From Clicks to Conversions: 4-Cluster Segmentation of 12K+ Sessions Achieving 99% Precision in Purchase Prediction

Why It Mattered → Business Context

E-commerce companies lose 84% of potential customers to cart abandonment and poor engagement. Understanding which visitors will convert before they bounce is critical for:

Optimizing ad spend by retargeting high-intent users
Reducing bounce rates through personalized UX interventions
Increasing ROI on marketing campaigns by focusing on users most likely to purchase

This project analyzed 12,330 real-world shopping sessions to predict purchase intent and segment users by behavior—enabling data-driven strategies to boost conversion rates and reduce wasted marketing dollars.

What I Did → Tools + My Role

Role: Data Analyst & ML Engineer Objective: Build a predictive model to classify purchase intent and identify high-value customer segments

Technical Stack:

Languages: R (tidyverse, dplyr, ggplot2)
Machine Learning: SVM (e1071), Decision Trees (rpart), Random Forest, K-Means Clustering
Evaluation: caret, pROC (ROC curves), confusion matrices
Visualization: ggplot2, factoextra, PCA projections

Deliverables:

Cleaned & preprocessed dataset with 18+ engineered features
K-Means clustering model (4 distinct customer segments)
SVM classifier achieving 98.99% accuracy and 99.9% AUC
Comprehensive analysis report with actionable business recommendations

How I Did It → Focus on Thinking + Key Decisions

Strategic Data Cleaning (Not Just Mechanical)
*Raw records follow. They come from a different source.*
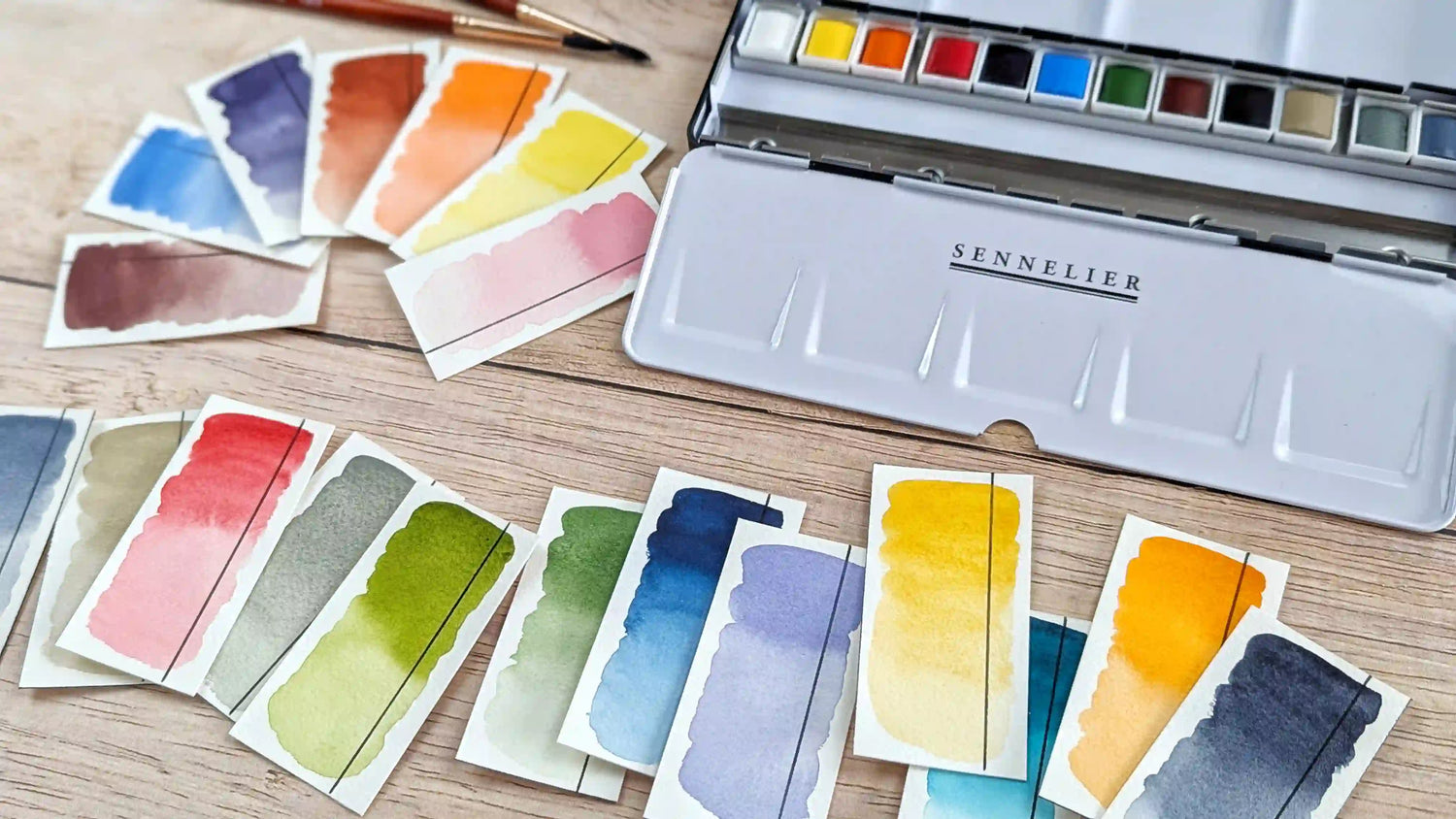 cours en ligne aquarelle paysages minimalistes niveau intermédiaire photo module 2
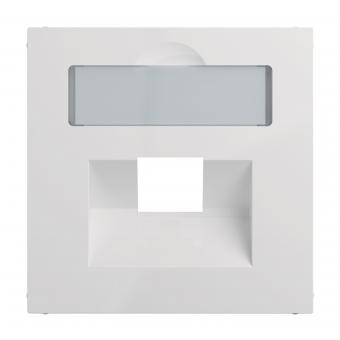 Legrand 765158 SEANO Abdeckung 1x RJ45 f 
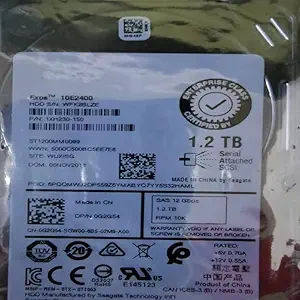 HDD for 1.2TB 2.5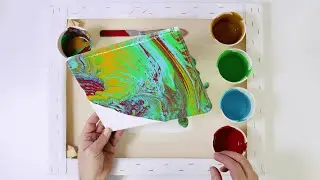 How to: thin acrylic paint for pouring art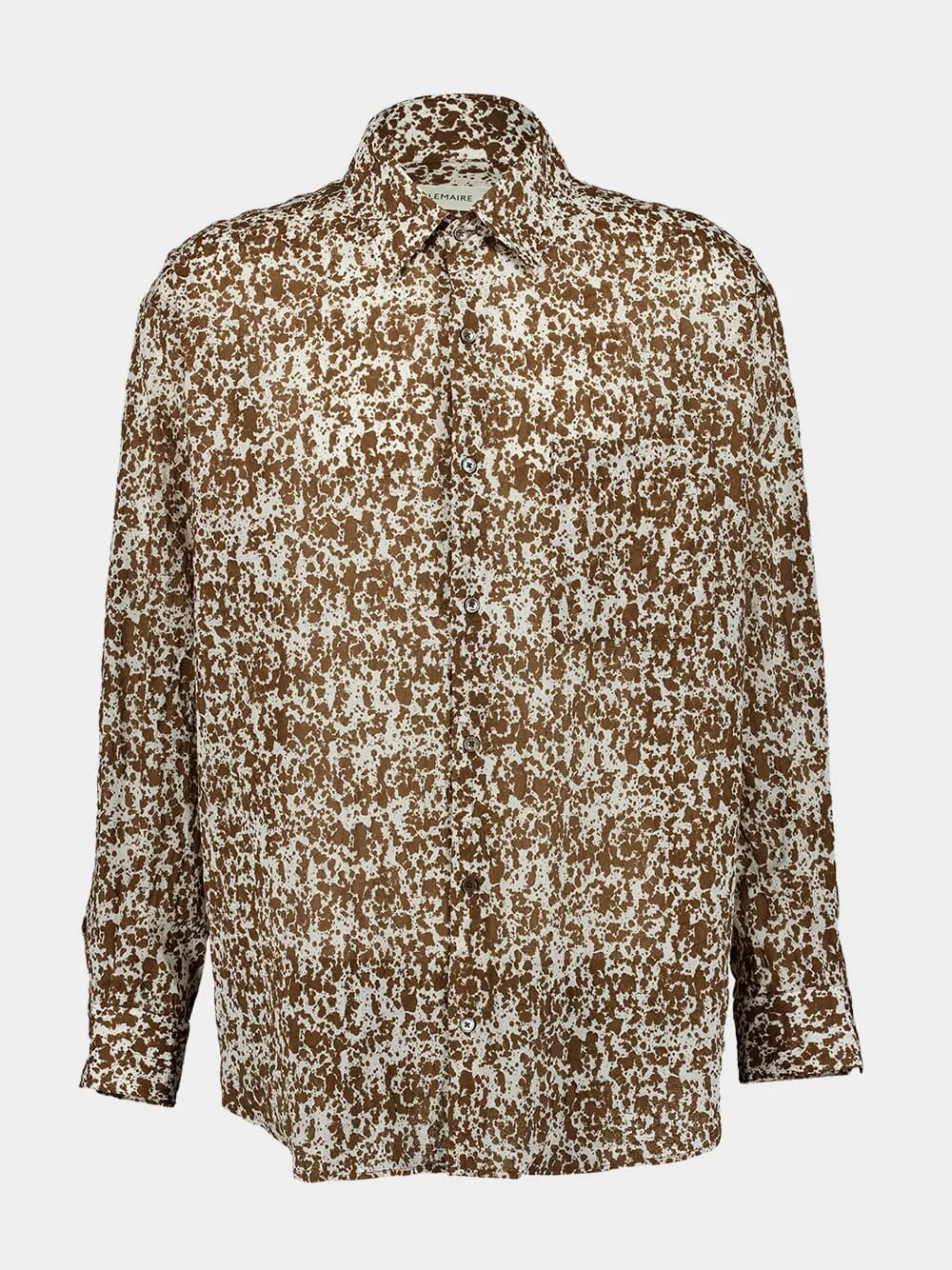 Camouflage Print Cotton Shirt sold by Fashion Clinic product image thumbnail 2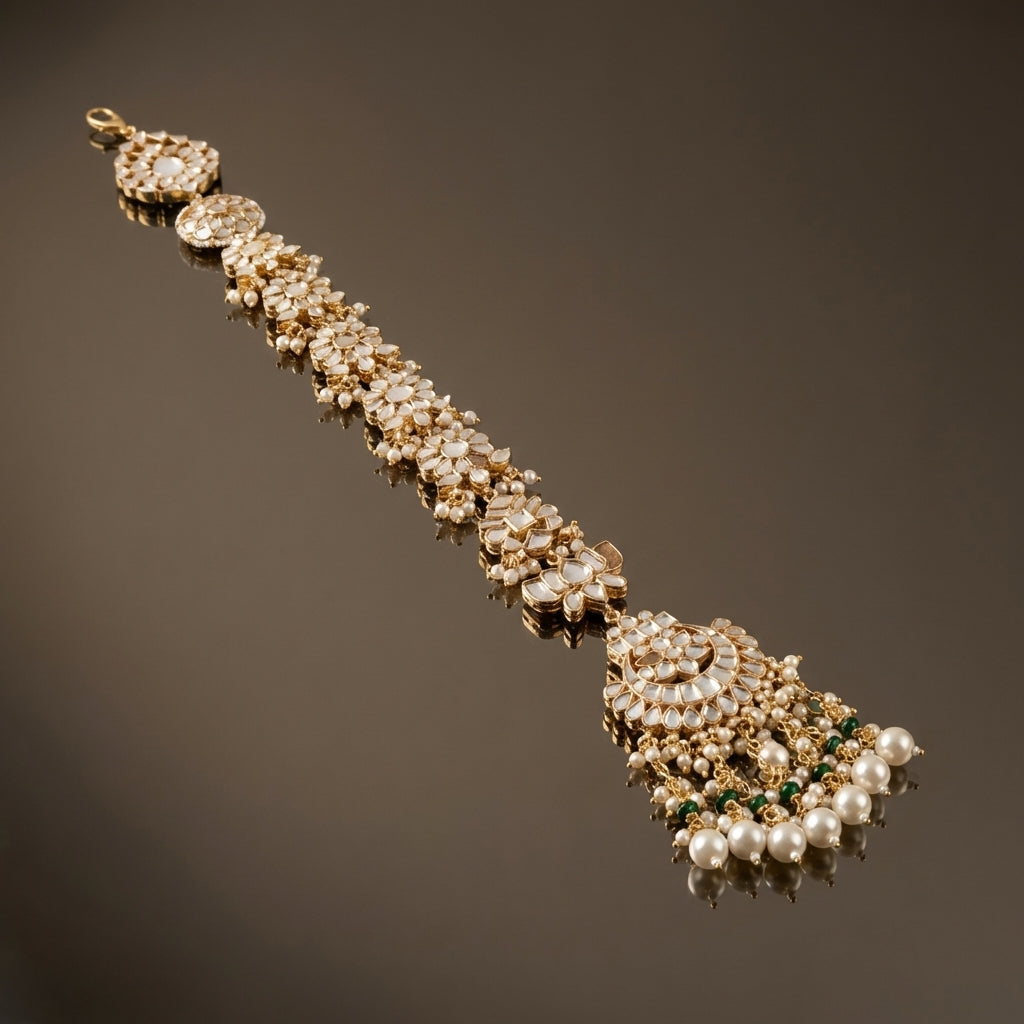 Rajlata MoP Hair Braid Adornment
Challenge: Highly skewed distributions (BounceRates, ExitRates) and class imbalance (84% non-purchasers).

Decision:

Applied log transformations (log1p) instead of standard scaling to preserve relationships in skewed data
Used IQR capping (not deletion) for outliers to retain sample size
Manually oversampled minority class to balance training data—avoiding synthetic data generation that could introduce noise

Why it mattered: Preserved 100% of data integrity while ensuring models could learn from rare purchase events.

Feature Engineering Based on Domain Knowledge

Challenge: Raw features didn't capture engagement depth.

Decision:

Created ProductEngagement bins (Low/Medium/High) from continuous duration data
Applied rolling mean smoothing to SpecialDay variable to reduce noise from event spikes
Dropped SpecialDay after correlation analysis showed weak predictive power (-0.08 with Revenue)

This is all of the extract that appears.